She watched the video loop over and over in the quiet room. For this run-through she found herself watching his hands. Long fingers. Glossy nails. Maintained and delicate. Maybe that made sense, she thought. Building bombs was a task that required finesse. This wasn’t a crime fit for the sausage-fingered slobs of the world. Not at all.
But what did his hands really tell her? Or his lips? Or his eyes? How did any of the details in this video give her something actionable, help her forge a path forward?
Maybe they didn’t. They probably didn’t, in fact.
She hit the space bar again and again. It all felt singsong now. Every element of the video took on a rhythm through all the repetition, somehow made twee after so many loops.
Her eyes drifted over the details again. The rustling newspaper. The wormy lips. The black pits of his pupils. That little fluttery light in the corner. His graceful fingers.
Her eyes snapped back to that top right corner of the screen again — the place where the light fluttered just as he set the newspaper down. She watched for it. Waited for it.
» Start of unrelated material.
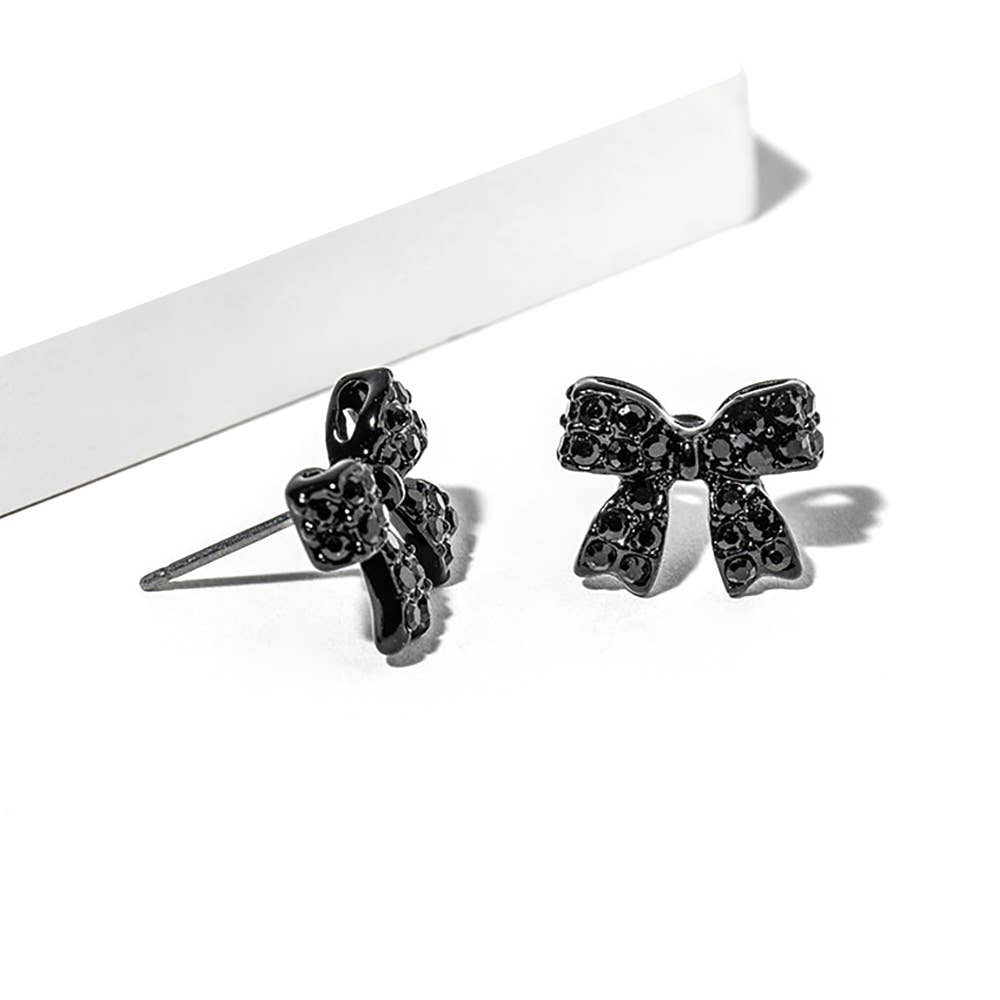 Crystal Rhinestone Bow Stud Earrings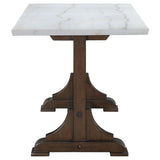 Aldrich Counter Height Trestle Base Dining Table with Genuine White Marble Top and Dark Brown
Loshak came back in with two paper cups of coffee in his hands. He leaned a shoulder into the door and swiveled into the room.
“OK,” he said. “So the coffee doesn’t smell great, but—”
Darger yelped involuntarily. Interrupting him.
Loshak’s eyes went wide. He lurched toward the laptop screen, sloshing coffee on the carpet.
“What is it?”
“There,” Darger said. She tapped on the laptop screen. “I know what this is.”
The light fluttered beneath her finger. Glinting through a window off-screen. Lighting up one little slice of the white wall. Sliding over the eggshell surface. Then disappearing.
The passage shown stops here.